Palestine–Peru relations
- Palestine: Peru

= Palestine–Peru relations =

Palestine–Peru relations are bilateral relations between the State of Palestine and Republic of Peru. Peru recognized Palestine as a sovereign state on 24 January 2011. Both nations are members of the Non-Aligned Movement. Palestine has an embassy in Lima.

==History==
Palestinian immigration to Peru began in the second half of the 19th century, with mostly Orthodox immigrants from Palestine, as well as neighbouring Lebanon and Syria reaching the country either from neighbouring Bolivia or via ships that reached the southern parts of the country. Nevertheless, Arab influences in the region date back to its Spanish era.

The first Palestinian representation in Peru opened in 1979 as the office of the Palestine Liberation Organization (PLO), which at the time had no diplomatic status. In 1998, it began hosting the Special Delegation of the PLO, and in 2000, Javier Pérez de Cuéllar raised the level of the delegation to a de facto embassy.

In 1985, the city of Cuzco staged a commemoration of the Sabra and Shatila massacre.
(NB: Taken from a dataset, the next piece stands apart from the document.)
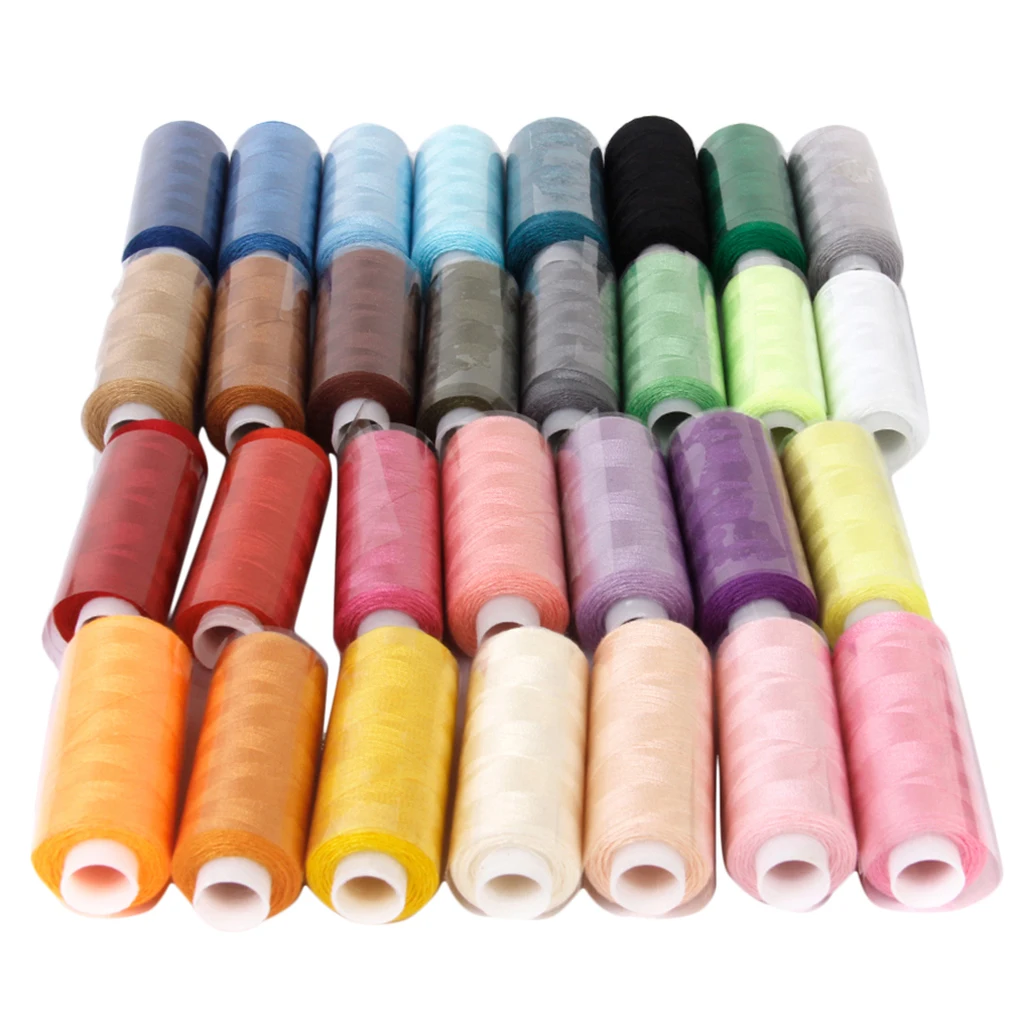 

250yds/Spool Polyester Sewing Threads For Jeans Bag Leather Crafts DIY Pack Of 30 Assorted Colors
The year prior, the farewell party of PLO representative Issam Besseiso was attended by prominent left-wing politicians, such as congressman Miguel Ángel Mufarech and then Mayor of Lima, Alfonso Barrantes.

On July 29, 1998, the Ministry of the Interior released a communiqué where it was revealed that three members of the Abu Nidal Organization were arrested by the Peruvian Investigative Police, after which the PLO's representative office released a communiqué of its own, denouncing the group as traitors. The group's members had reportedly planned a number of terrorist attacks in Peruvian territory.

Peru formally recognised Palestine as a sovereign state on January 24, 2011. Thus, the delegation became the country's embassy to Peru.

In 2014, President of Peru Ollanta Humala visited Palestine, met with President of Palestine Mahmoud Abbas and laid a wreath at Yasser Arafat's tomb.

In 2022, then president Pedro Castillo announced the intention of the country to open an embassy in Palestine.

During the Gaza war, at least three Peruvian families numbered at nine people in total became trapped in the Gaza Strip, unable to leave as a result of the Israeli invasion that started on October 27.

==High-level visits==
High-level visits from Palestine to Peru
- PLO Spokesman Farouk Kaddoumi (1985, 1987 and 1989)

High-level visits from Peru to Palestine
- President Ollanta Humala (2014)

==Resident diplomatic missions==
- Palestine has an embassy in Lima.
- Peru does not have an embassy in Palestine.